Não sou de beber, não ao ponto de pedir a saideira. Gosto de um bom vinho, principalmente no almoço de domingo. Gosto de uma boa cerveja gelada, que tomo aos sábados. Gosto também de coquetéis cremosos e adocicados que tomo geralmente em festas que os oferecem. Ou licores digestivos. Em toda minha longa vida posso lembrar-me de duas situações em que bebi ignorando o meu limite. Da primeira vez jurei nunca mais beber vodca. Da segunda vez eu havia quebrado o juramento. Todas as duas vezes foram precedidas de : vamos beber mais uma? Só uma. Um longo espaço de tempo separou uma bebedeira da outra. Nem posso dizer que havia motivo que não fosse a simples alegria de viver. Nem houve consequência séria em nenhuma das duas, fora a Terra ter girado em uma velocidade surpreendente.

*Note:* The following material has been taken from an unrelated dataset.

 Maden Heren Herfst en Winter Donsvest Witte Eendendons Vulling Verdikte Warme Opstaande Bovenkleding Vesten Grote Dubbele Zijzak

Mas da primeira vez eu acabei comprando a coleção encadernada dos livros de Jorge Amado e assumido o compromisso de fazer palestras regulares para os jovens. Não teria sido nada demais se eu também não fosse bem jovem na ocasião, mais jovem do que os jovens que apareceram para ouvir as palestras. A segunda e última vez me fez esquecer o português: eu comecei a falar e a pensar em Inglês. Não seria nada demais também se meu Inglês normalmente não fosse péssimo.
 
É muito triste ver beber quem não sabe beber. Ou não pode. Meu avô paterno era alcóolatra. Destruiu a própria vida bebendo toda a sua herança e a de minha avó. Era um artista e talvez por isso a vida cotidiana lhe pesasse tanto. Meu pai não bebia, mas infelizmente dois de meus irmãos foram alcóolatras.Digo foram, não porque tenham parado de beber mas porque morreram. Por esta razão vejo com tristeza as pessoas destruírem as próprias vidas tornando-se escravos da bebida. Certa vez, passando de carro por uma rua escura e triste vi um homem sozinho encostado no balcão de um bar. A imagem me perseguiu até em casa e antes de dormir rabisquei em um pedaço de papel este Haicai colocando-o dentro do livro que eu lia. Achei-o há poucos dias e senti novamente a mesma tristeza pensando em meus irmãos:
 
 
A lua atravessando a noite
Única testemunha
Do último gole do bêbado triste
 
 

 
Não está sendo muito fácil escrever esta crônica. Tentei todas as formas literárias, em pensamento, é claro, mas nenhuma me satisfez. Li na net um montão de piadas sobre bêbados, mas piadas sobre bêbados são muito deprimentes. Queria fazer um rondel. Ando louca pra fazer um rondel. Até cheguei a fazer, mas acho que não deu muito certo. Copiando e colando eu acabei foi apagando e o meu rondel teve o destino de todos os que bebem demais.